Similar comment as the last patch "future" has no meaning and "required"
comes with no context.
> Introduce PCI_ERS_RESULT_PANIC as a 'enum pci_ers_result' type. This will
> be used by CXL UCE fatal and non-fatal recovery in future patches. Update
> PCIe recovery documentation with details of PCI_ERS_RESULT_PANIC.
>
> To clarify, PCI's merge_result() implemented in err.c is not to be changed.

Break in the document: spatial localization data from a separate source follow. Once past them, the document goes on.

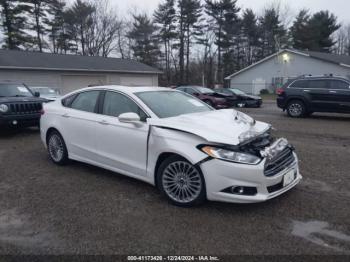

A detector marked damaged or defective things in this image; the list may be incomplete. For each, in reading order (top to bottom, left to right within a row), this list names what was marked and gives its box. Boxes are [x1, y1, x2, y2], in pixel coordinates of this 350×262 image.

crumpled hood [148, 108, 270, 145]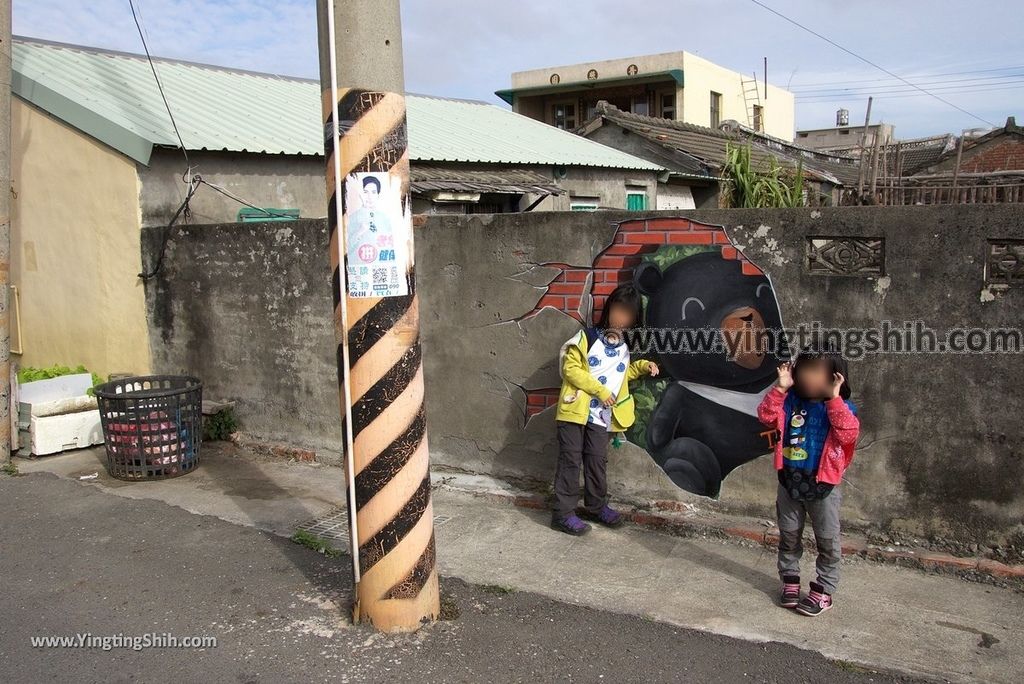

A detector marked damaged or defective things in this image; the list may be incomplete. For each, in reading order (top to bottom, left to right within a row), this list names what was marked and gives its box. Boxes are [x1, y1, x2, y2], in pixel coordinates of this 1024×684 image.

broken wall painting [524, 218, 786, 497]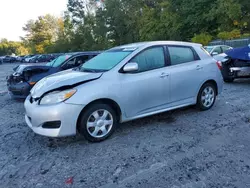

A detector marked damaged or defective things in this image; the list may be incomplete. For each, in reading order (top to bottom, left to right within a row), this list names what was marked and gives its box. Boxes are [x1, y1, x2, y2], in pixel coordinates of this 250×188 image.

cracked headlight [39, 89, 76, 105]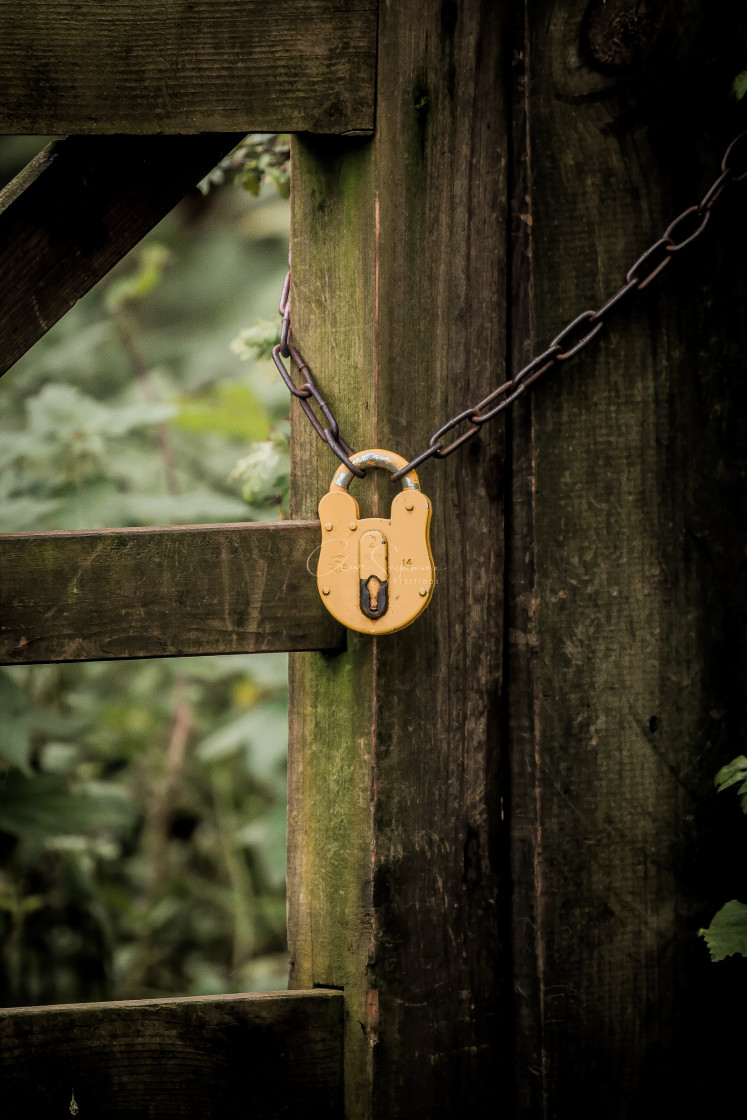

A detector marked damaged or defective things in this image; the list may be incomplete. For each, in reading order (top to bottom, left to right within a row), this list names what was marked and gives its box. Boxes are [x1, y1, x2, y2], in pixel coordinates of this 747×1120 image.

> merge_result() is not aware of PCI_ERS_RESULT_PANIC and will not return
> PCI_ERS_RESULT_PANIC.
>
> Signed-off-by: Terry Bowman <terry.bowman@xxxxxxx>
> Reviewed-by: Dave Jiang <dave.jiang@xxxxxxxxx>
> Reviewed-by: Jonathan Cameron <jonathan.cameron@xxxxxxxxxx>
> Reviewed-by: Ben Cheatham <benjamin.cheatham@xxxxxxx>
> Reviewed-by: Dan Williams <dan.j.williams@xxxxxxxxx>
>
> ---
>
> Changes in v15 -> v16:
> - None
>
> Changes in v14 -> v15:
> - None
>
> Changes in v13 -> v14:
> - Add review-by for Dan
> - Update Title prefix (Bjorn)
> - Removed merge_result. Only logging error for device reporting the
> error (Dan)
>
> Changes in v12->v13:
> - Add Dave Jiang's, Jonathan's, Ben's review-by
> - Typo fix (Ben)
>
> Changes v11 -> v12:
> - Documentation requested (Lukas)
> ---
> Documentation/PCI/pci-error-recovery.rst | 2 ++
> include/linux/pci.h | 3 +++
> 2 files changed, 5 insertions(+)
>
> diff --git a/Documentation/PCI/pci-error-recovery.rst b/Documentation/PCI/pci-error-recovery.rst
> index 43838723fde9..55be63f1a649 100644
> --- a/Documentation/PCI/pci-error-recovery.rst
> +++ b/Documentation/PCI/pci-error-recovery.rst
> @@ -102,6 +102,8 @@ Possible return values are::
> PCI_ERS_RESULT_NEED_RESET, /* Device driver wants slot to be reset. */
> PCI_ERS_RESULT_DISCONNECT, /* Device has completely failed, is unrecoverable */
> PCI_ERS_RESULT_RECOVERED, /* Device driver is fully recovered and operational */
> + PCI_ERS_RESULT_NO_AER_DRIVER, /* No AER capabilities registered for the driver */
> + PCI_ERS_RESULT_PANIC, /* System is unstable, panic. Is CXL specific */
> };
>
> A driver does not have to implement all of these callbacks; however,
> diff --git a/include/linux/pci.h b/include/linux/pci.h
> index 1c270f1d5123..0d6ad11e3422 100644
> --- a/include/linux/pci.h
> +++ b/include/linux/pci.h
> @@ -933,6 +933,9 @@ enum pci_ers_result {
>
> /* No AER capabilities registered for the driver */
> PCI_ERS_RESULT_NO_AER_DRIVER = (__force pci_ers_result_t) 6,
> +
> + /* System is unstable, panic. Is CXL specific */
I will note that panic from error reporting is not a CXL specific
phenomenon. One of the future topics to resolve is indeed the
discrepency between ACPI/GHES and PCI/AER. PCI/AER does not panic in
situations that ACPI/GHES does (see ghes_panic()).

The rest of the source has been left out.